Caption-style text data
══════

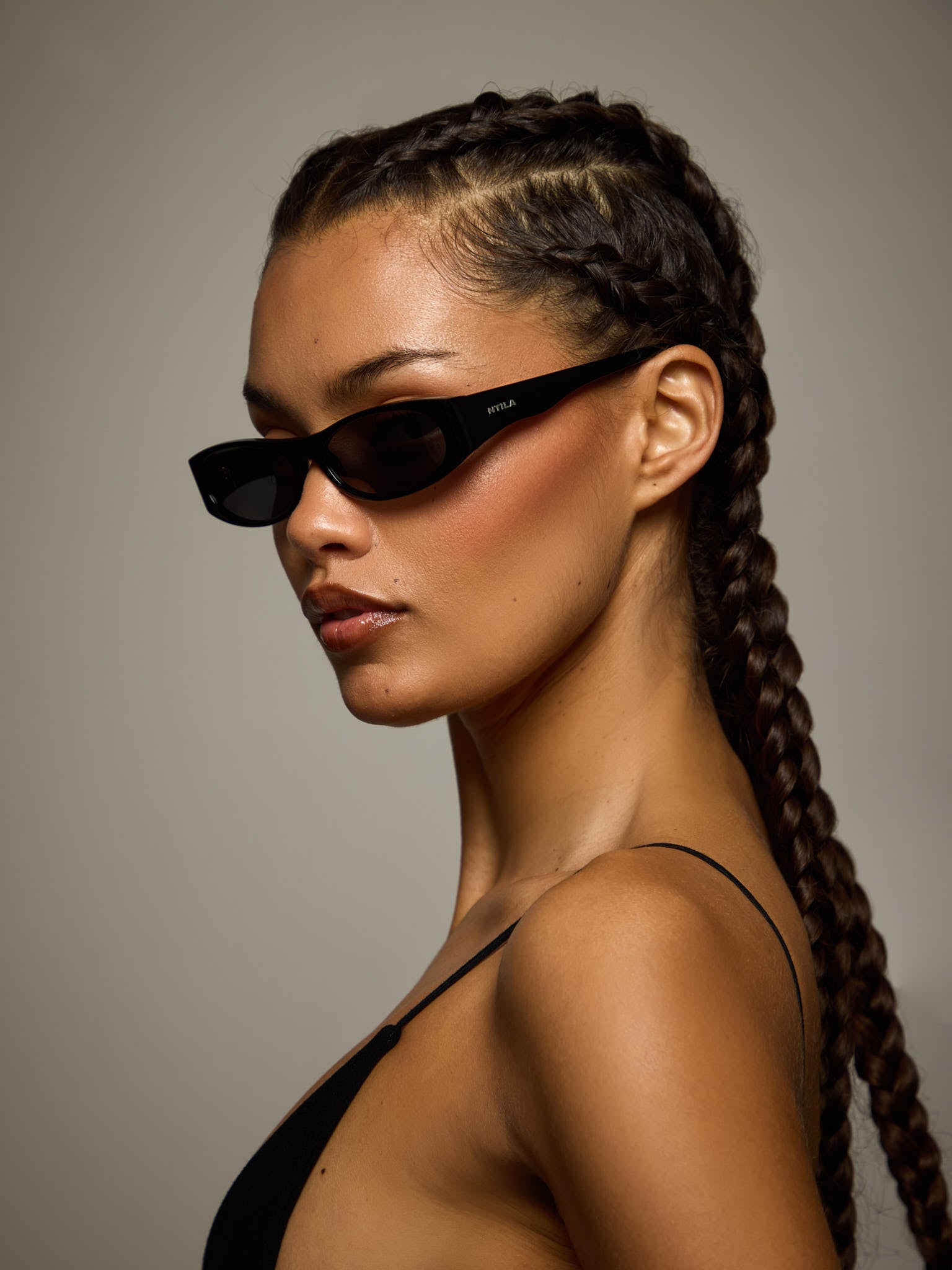 Woman with braided hair wearing NTIL black Leni sunglasses against a neutral background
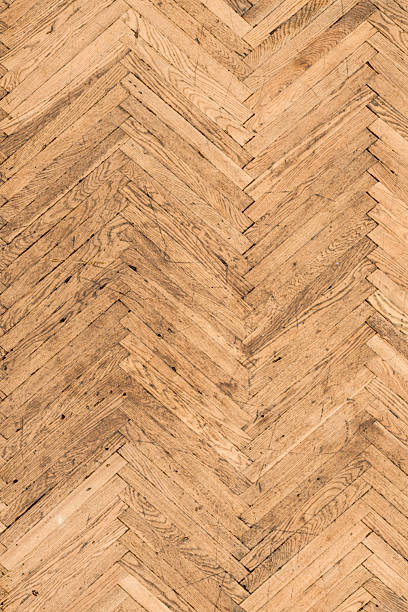 Close-up view of herringbone wooden parquet floor highlighting fine wood grain and craftsmanship details. Premium interior texture ideal for luxury branding, high-end design projects, material presentations and elegant background use. Warm tones and tight framing emphasize quality, texture depth and refined surface aesthetics.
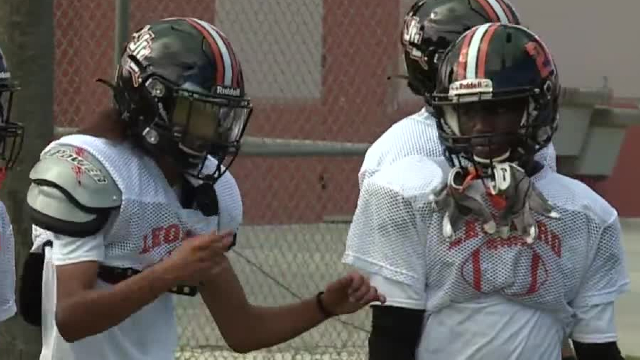 Steven Matos and Tyrell Barr, both deaf football players at John I. Leonard High School, at practice on Sept. 20, 2023.jpg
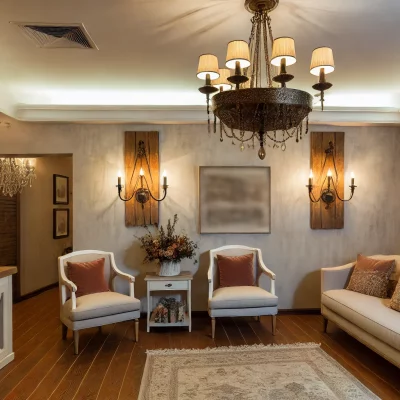 An elegant farmhouse living room with a beautiful farmhouse chandelier and rustic wall sconces. The decor is sophisticated with a mix of modern and fa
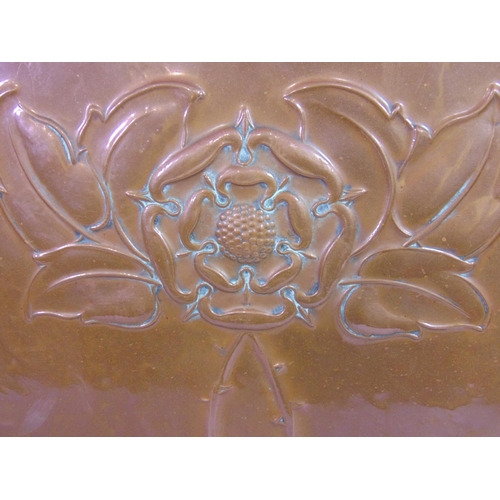 538 - An Arts & Crafts iron framed firescreen enclosing a copper panel with embossed rose design 67 cm hig... 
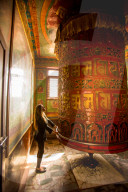Woman praying at a Buddhist prayer wheel in Bouddha temple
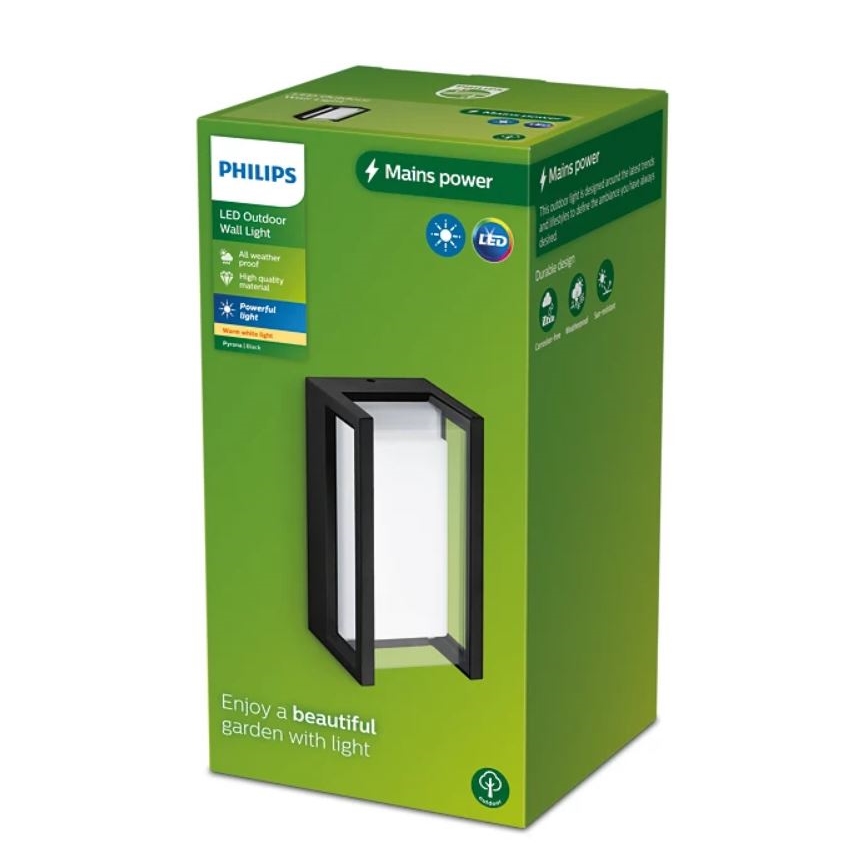 Balenie vonkajšieho LED nástenného svietidla Philips. Svietidlo je čierne, obdĺžnikové s bielym difúzorom. Balenie je zelené s popisom: LED Outdoor Wall Light, Mains power, All weather proof, High quality, Powerful light, Durable design. Nápis na spodku: Enjoy a beautiful garden with light.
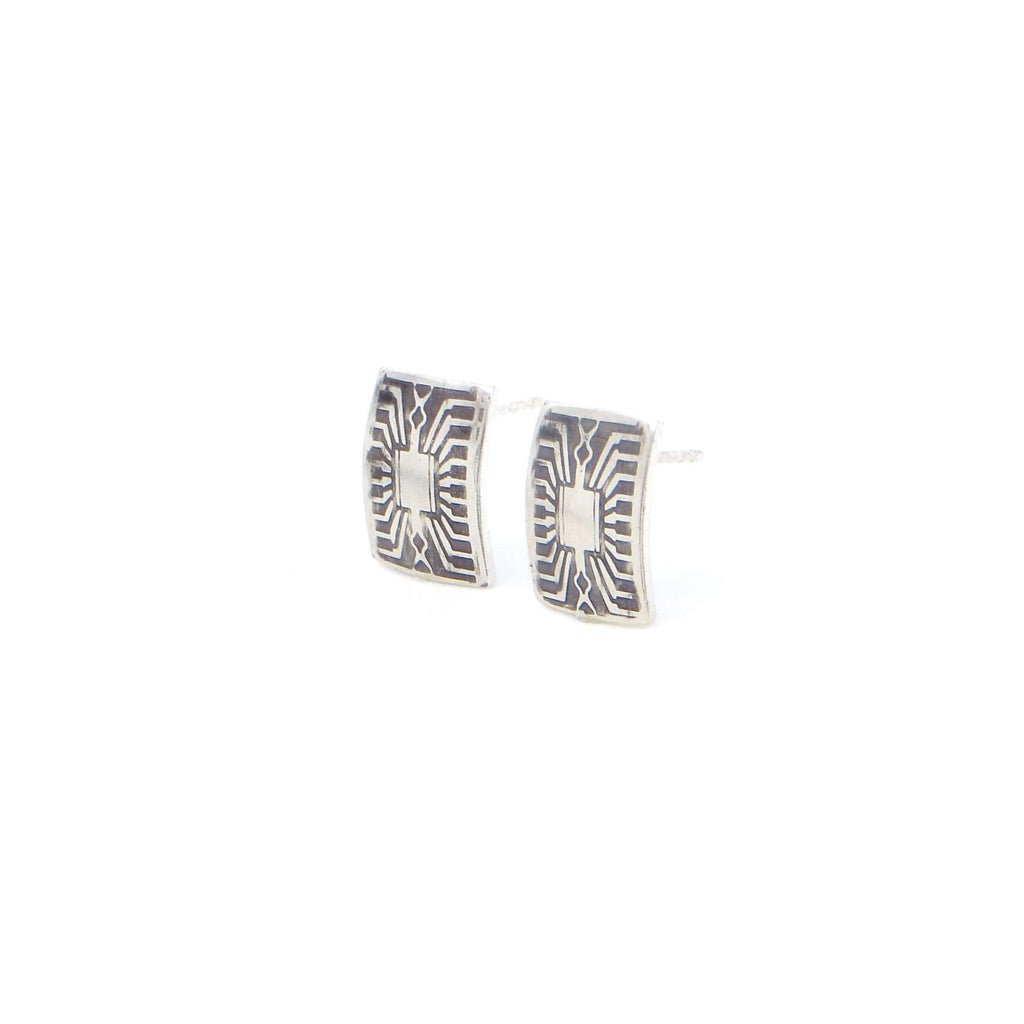 Sterling silver rectangle earring studs. Circuit board pattern with black patina in the recesses. Slightly curved.  .4" x .6"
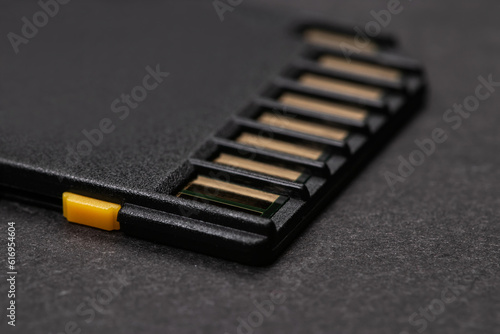 sd card lies on a dark background. close-up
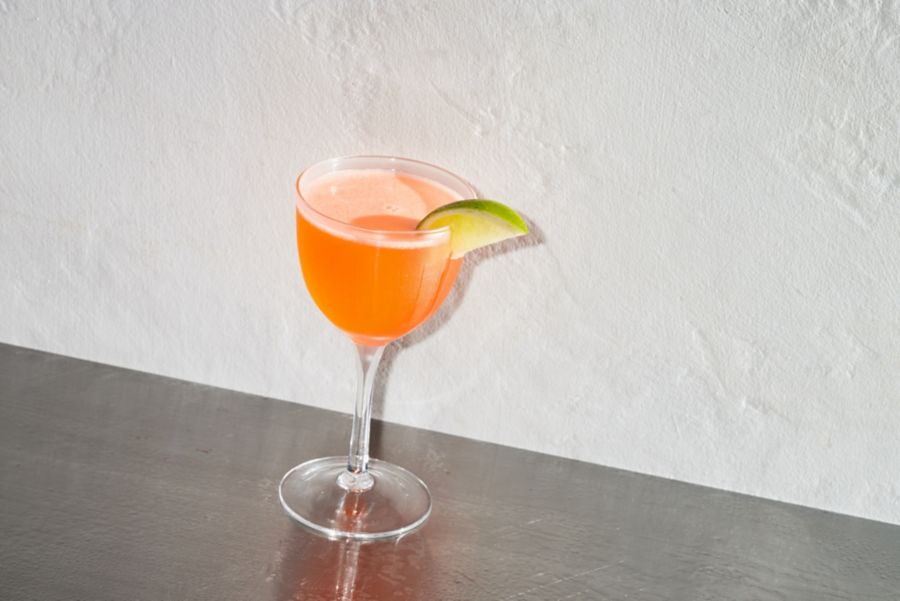 The Naked and Famous cocktail garnished with a lime wedge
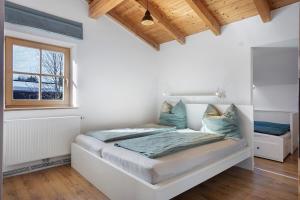 a white bedroom with a bed and a window at Schnitzer Ferienwohnung in Görisried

══════

EXERCISE BRIEF
All of the entries above need to be transcribed exactly, except for the pictures.

OUTPUT BELOW
 Woman with braided hair wearing NTIL black Leni sunglasses against a neutral background
 Close-up view of herringbone wooden parquet floor highlighting fine wood grain and craftsmanship details. Premium interior texture ideal for luxury branding, high-end design projects, material presentations and elegant background use. Warm tones and tight framing emphasize quality, texture depth and refined surface aesthetics.
 Steven Matos and Tyrell Barr, both deaf football players at John I. Leonard High School, at practice on Sept. 20, 2023.jpg
 An elegant farmhouse living room with a beautiful farmhouse chandelier and rustic wall sconces. The decor is sophisticated with a mix of modern and fa
 538 - An Arts & Crafts iron framed firescreen enclosing a copper panel with embossed rose design 67 cm hig... 
Woman praying at a Buddhist prayer wheel in Bouddha temple
 Balenie vonkajšieho LED nástenného svietidla Philips. Svietidlo je čierne, obdĺžnikové s bielym difúzorom. Balenie je zelené s popisom: LED Outdoor Wall Light, Mains power, All weather proof, High quality, Powerful light, Durable design. Nápis na spodku: Enjoy a beautiful garden with light.
 Sterling silver rectangle earring studs. Circuit board pattern with black patina in the recesses. Slightly curved.  .4" x .6"
 sd card lies on a dark background. close-up
 The Naked and Famous cocktail garnished with a lime wedge
 a white bedroom with a bed and a window at Schnitzer Ferienwohnung in Görisried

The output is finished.